Yesterday didn’t go as planned. Just after I blogged about intending to spend my day drawing, I got a delivery through the post. It was some hay fever tablets I’d ordered after finally accepting all the weird symptoms I’d been experiencing the last few weeks (sore eyes, sneezing, pressure in my ears) were explained by the ridiculously high level of pollen at the moment (linked to reduced car pollution, which normally binds with pollen and pulls it to the ground). The upshot: about 1pm yesterday I took one Benadryl. I could have saved some money by just running into a cupboard door.
The symptoms of my hay fever did ease and, yes, I feel a lot better today, but I don’t for a moment believe the back of the box where it says “rare cases of drowsiness have been reported”. I must be rare. Exactly one hour later, I was asleep in my chair. That never happens. Anyway, the fugue lasted most of the day. By the time I went to bed, I was wide awake so I could fully appreciate the 31 degree temperature in my room. Crap night’s sleep.
Have I mentioned before how I hate summer? Hate it. Despise it. Would move to Sweden for the summer months if I could. Anywhere where I could feel the odd Arctic blast.
A podcast today, though not sure what’s also planned (please let it be thunderstorms). Looking at the news, it’s all the predictable ping pong politics. The talk of the day seems to be a long interview that the actress Maxine Peake has given to The Independent. In it, she calls for the downfall of capitalism, says a few sharp things about Labour, and repeats the claim that US cops have been trained in Israel.
It’s the stuff that either side can leap on but none of it seemed that controversial. Nobody knows the future but the downfall of capitalism has never sounded that likely to me. What she said about Labour is by-the-books leftish talk about the struggle of compromise and whether the harder Left can tolerate a man like Starmer (or Blair before him) who they do not like. Even the stuff about Israel didn’t immediately sound that toxic. I’d noticed a piece on Amnesty International’s website, that claims that the militarization of America’s police force has links to the rapid growth of the security sector, where Israel leads the world. Yet perhaps it’s broader than that. It might be more gestural: Israel being cited because they’re the stock villain of the Left. The problem with the ‘I’ word appearing anywhere is that people leap to the assumption that it’s antisemitic. As with so many of these arguments, where you stand (or sit) seems important to how you read a headline. It’s too early in the day for me to unravel all of that. (Links to Israel are disputed [Here] and asserted [Here]. But like I say: much too early to unravel the facts from the falsehoods.)

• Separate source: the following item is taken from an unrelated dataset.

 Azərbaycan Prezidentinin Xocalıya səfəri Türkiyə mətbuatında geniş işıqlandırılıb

What I did notice in my brief browse through the headlines was that one of the most vocal opponents of Peake, spouting all kind of militaristic patriotic bullshit, led to an account where they predictably labelled themselves a believer in “classical liberalism”. It’s become something of a game I play: guessing which accounts will use that formulation to excuse the racist, anti-immigrant, Anti-European, pro-England-cos-we-killed-Hitler nonsense. One in five is my usual score. There are a lot of them out there. I drew this cartoon a few months ago but never found a reason to post it. I have now.

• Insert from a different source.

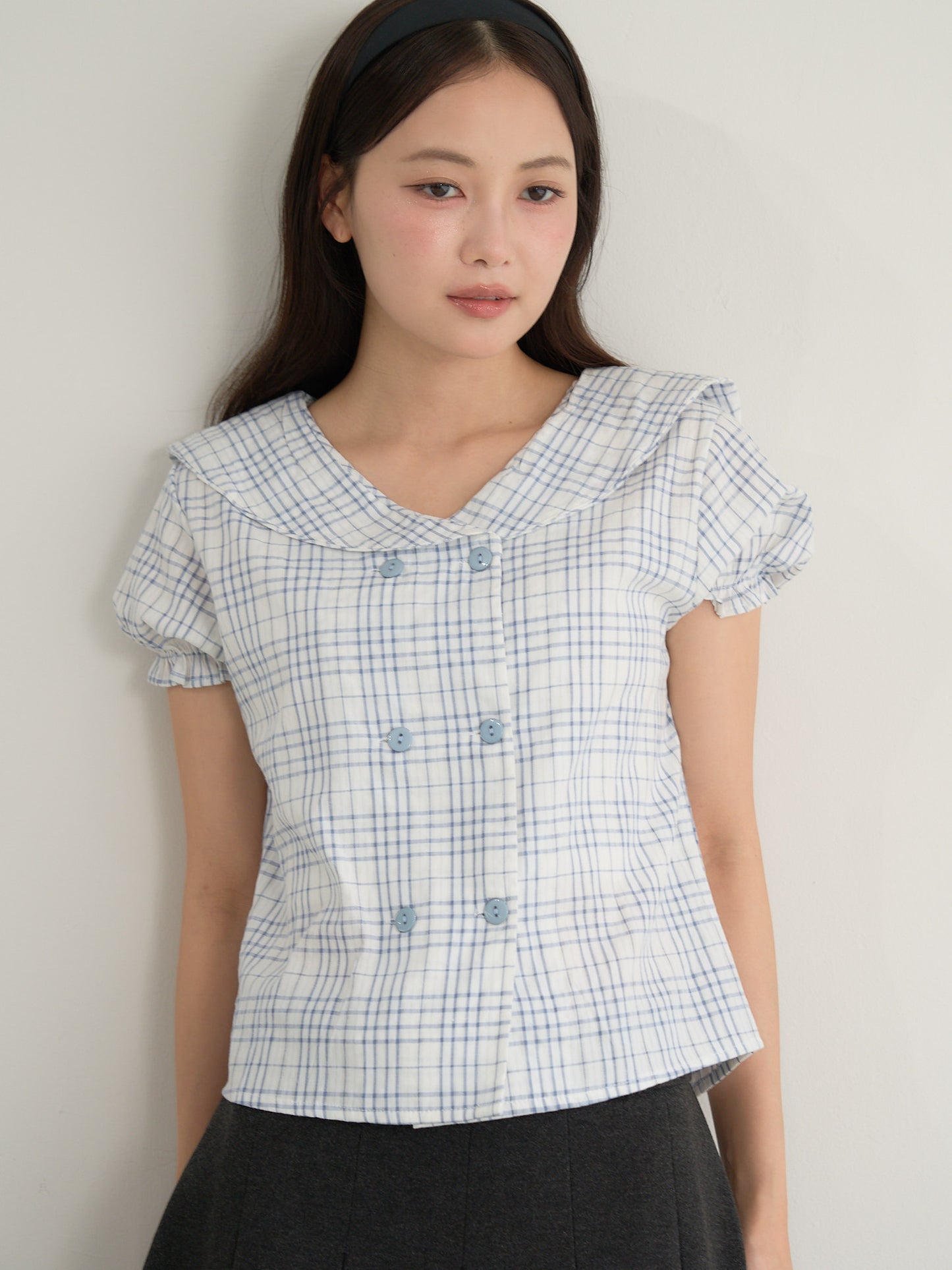 check sailor blouse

But going back to Peake, the key word that’s being overlooked is “actress”. A person’s profession shouldn’t automatically discredit their arguments, but nor should it generally do the opposite unless that professional is relevant. Perhaps this is a flaw of capitalism, that bit that needs modifying to make the system work better. We have to stop caring about what famous people think. I notice Philip Schofield is now advertising We Buy Any Car. Always surprises me that these deals still work. James May or Jeremy Clarkson, I’d understand it. But Schofield? Feels a bit like asking the Pope for advice about buying your next skidoo.
The last thing I noticed was the headline about a white actress quitting a Netflix animated series where she’d been voicing a black character. “Black characters should be played by Black actors” ran the headline. In the current climate, this gesture seems timely and well made, yet I know it will only drag out the old “James Bond can’t be black arguments”, which bored me long before the last Bond movie sent me to sleep (and I hadn’t even been taking hay fever tablets). Myself, I really don’t care either way. I’ve got used to a world in which Hamlet can be female (Peake again) and Dev Patel can play David Copperfield. In this case, however, I think it’s a little bit more complicated than that. The cartoon’s diversity was disguising a lack of diversity in the cast (The Simpsons had the same problem). This then becomes a case of hypocrisy and, god knows, we need far less of that in the world.
Speaking of which: Robert Jenrick, Marxism, and the business affairs of a former porn baron…
But, no. Not going there. I have to prepare for a podcast.